Here is my attempt at translating. How far off was I?

Ang Maynila ay punong-lunsod ng pilipinas. Napakaraming tao rito. Ang mga taga-lalawigan ay dito rin nakatira. Dito ay maraming pagkain nguni’t mahal na lahat.


 Manila is the Capital City of the Philipines. There are very many people here. The province's here have settlers also. There is much food here, but it is expensive.

 
I had most difficulty with "Ang mga taga-lalawigan ay dito rin nakatira". I am not very confident about that part of the translation.
 
Thanks.


----------



## DotterKat

Very good attempt and your uncertainty about the last two sentences is not your fault as the Tagalog text is flawed. Left as they are, the final sentences would be:

Those from the provinces live here too. There is a lot of food here, but they (have become / have already become) too expensive.

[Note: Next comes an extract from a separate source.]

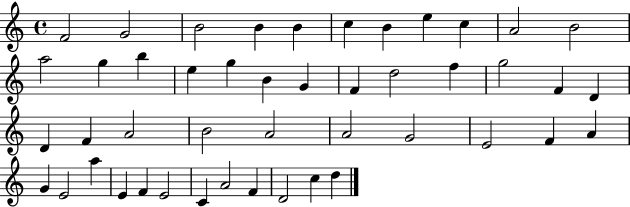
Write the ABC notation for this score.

_Ang mga taga-lalawigan ay dito rin nakatira_. Those from the provinces live here too.

The sentence above is flawed in the sense that it implies that all people from outlying provinces live in Manila as well. The reality is that many from other provinces do migrate to Manila in search of work but maintain their primary residences in their home provinces (to which they return during holidays and special occasions). I would have written this instead:

_May mga taga-lalawigan na dito nakahanap ng trabaho at dito (na naninirahan / naninirahan ng pangsamantala.) _There are those from the provinces who have found work here and (now reside here / reside here temporarily.)

_Dito ay maraming pagkain nguni’t mahal na lahat. _There is a lot of food here but they (have become / have already become) too expensive.

The sentence is technically correct, but gives the impression of the passage of time by the use of _na _(thereby implying that the speaker had been there before and is speaking from experience --- which might be true.) Still, since the text is primarily a declaration of facts, I would have simply said:

_Dito ay maraming pagkain, nguni't lahat ay mahal. _There is a lot of food here, but everything is expensive.


----------



## Inglip

Thanks. The text is an extract from a book I have. The task was to translate it. The text it's self was translated (sort of) to a basic form of tagalog.

_Ang mga taga-lalawigan ay dito rin nakatira_. On this sentence I actually had down at first "People from the province also live here", but I changed it because it didn't make sense. Now I know why, even though I was more correct.

Thanks for the help.


----------